═══ Data section ═══
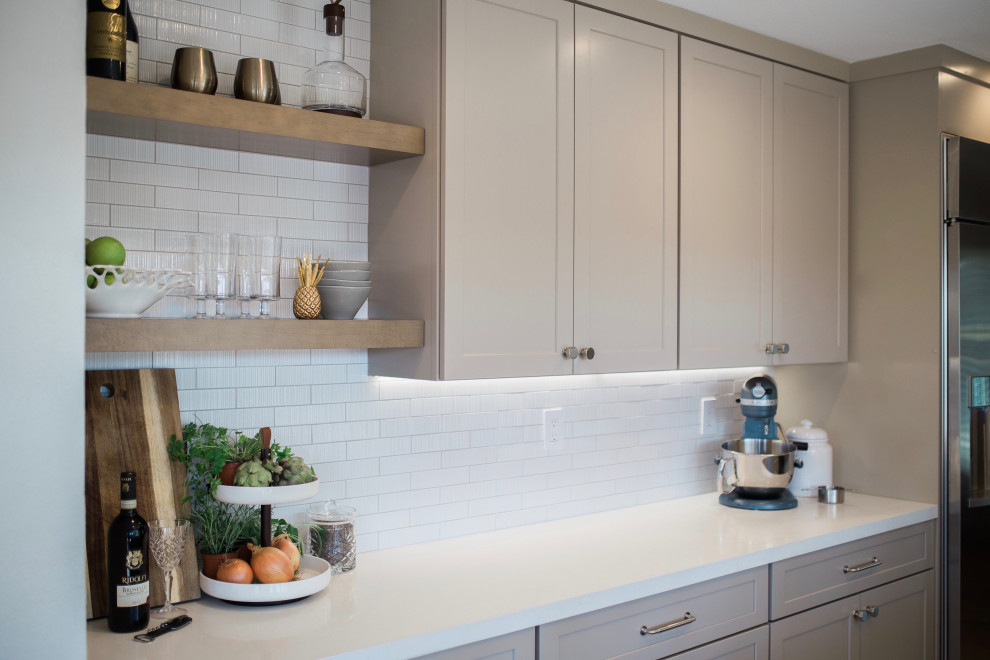 Small transitional galley porcelain tile and beige floor open concept kitchen photo in Orange County with a double-bowl sink, shaker cabinets, beige cabinets, quartz countertops, white backsplash, subway tile backsplash, stainless steel appliances, no island and white countertops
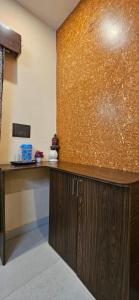 a kitchen with a counter and a gold wall at Krishna's land Homestay in Vrindāvan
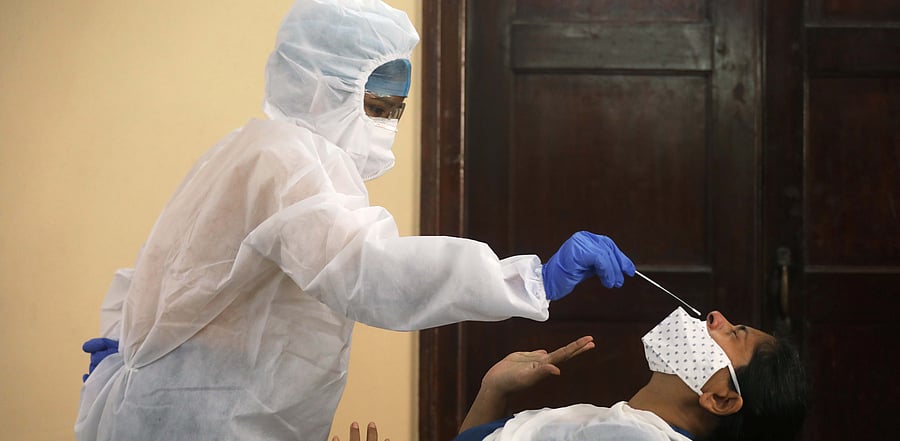 Health services need to target their response towards high-risk individuals, health care workers, elderly people with comorbidities and those going in for surgeries. Credit: Reuters photo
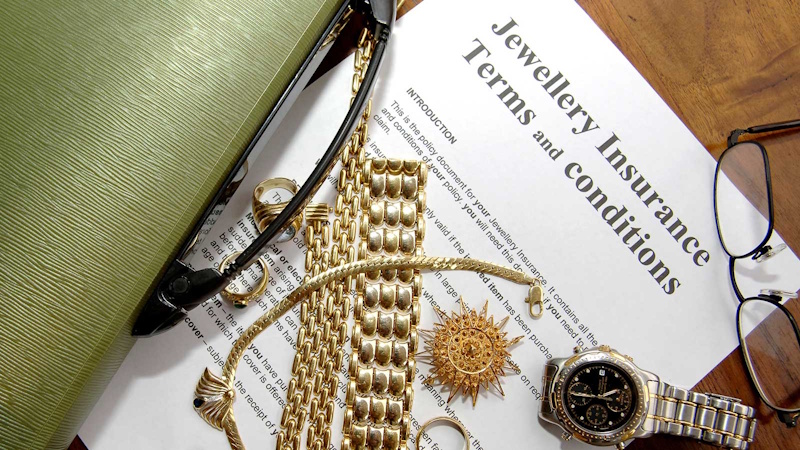 Jewelry Insurance and Appraisal - Protecting Your Precious Investment with Proper Documentation Diamond engagement ring with appraisal certificate and insurance documents showing importance of jewelry documentation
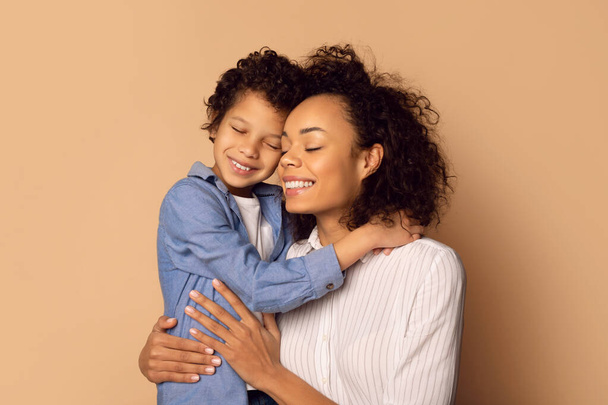 Afro-Amerikaanse vrouw houdt een kind in haar armen, toont moederlijke zorg en genegenheid in een hartverwarmend moment. - Foto, afbeelding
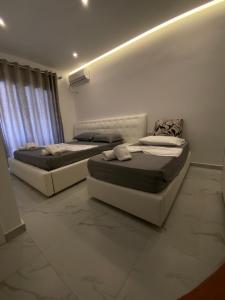 2 Betten in einem Zimmer mit einer Wand in der Unterkunft Villa Mucodemi 1 in Ksamil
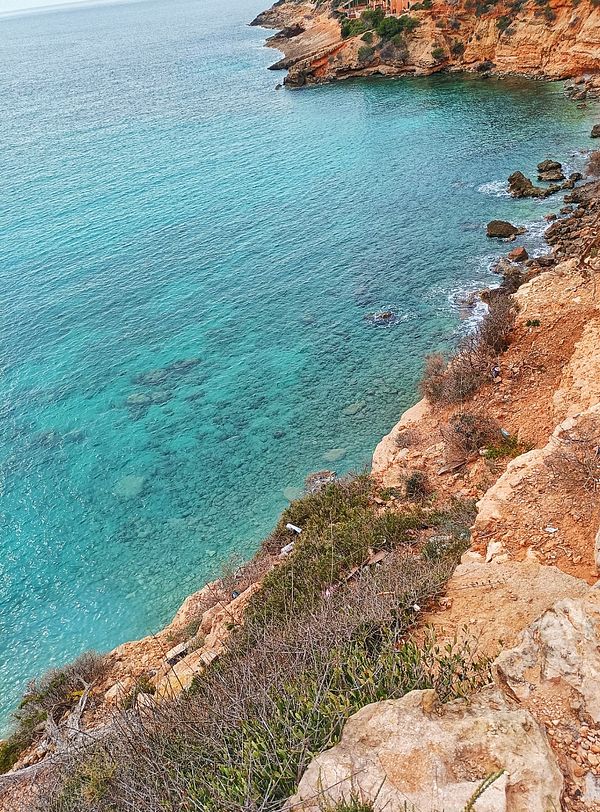 A scenic coastal view featuring clear turquoise waters and rocky cliffs.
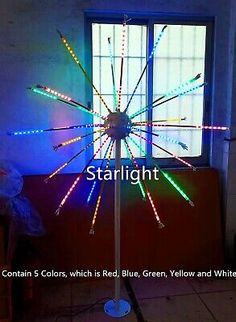 a colorful light up windmill in front of a window with the words starlight on it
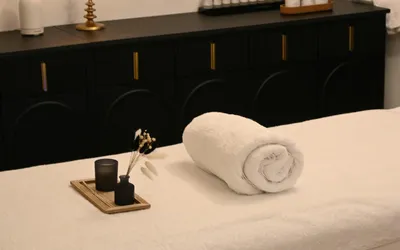 spa treatment room with candle and towels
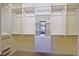 Large walk-in closet offering exceptional storage with adjustable shelving and drawers at 13170 Se 92Nd Court Rd, Summerfield, FL 34491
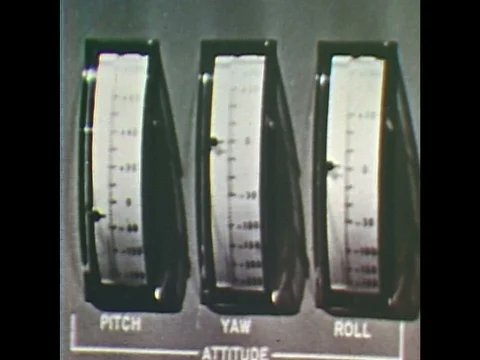1960s: Manual controls inside space capsule. Yaw, Pitch and Roll. Roll Number Stock Footage 84736324
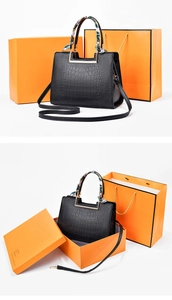 Detail of black crocodile texture handbag with silk scarf handle and orange gift box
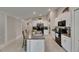 Bright, spacious kitchen featuring white cabinets, black appliances, granite countertops and tile flooring at 11707 Sunburst Marble Rd, Riverview, FL 33579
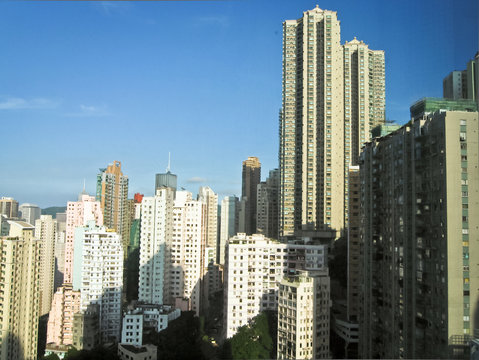Skyscrapers in Hong Kong with sun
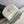 teen besace triomphe 18.5 white calfskin with chain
═══
■ Requirement ■
Start with the line holding "spa treatment room with candle and towels" and repeat exactly every line through the final line of the records above, but no pictures and nothing more.

■ Reply ■
 spa treatment room with candle and towels
 Large walk-in closet offering exceptional storage with adjustable shelving and drawers at 13170 Se 92Nd Court Rd, Summerfield, FL 34491
1960s: Manual controls inside space capsule. Yaw, Pitch and Roll. Roll Number Stock Footage 84736324
 Detail of black crocodile texture handbag with silk scarf handle and orange gift box
 Bright, spacious kitchen featuring white cabinets, black appliances, granite countertops and tile flooring at 11707 Sunburst Marble Rd, Riverview, FL 33579
Skyscrapers in Hong Kong with sun
 teen besace triomphe 18.5 white calfskin with chain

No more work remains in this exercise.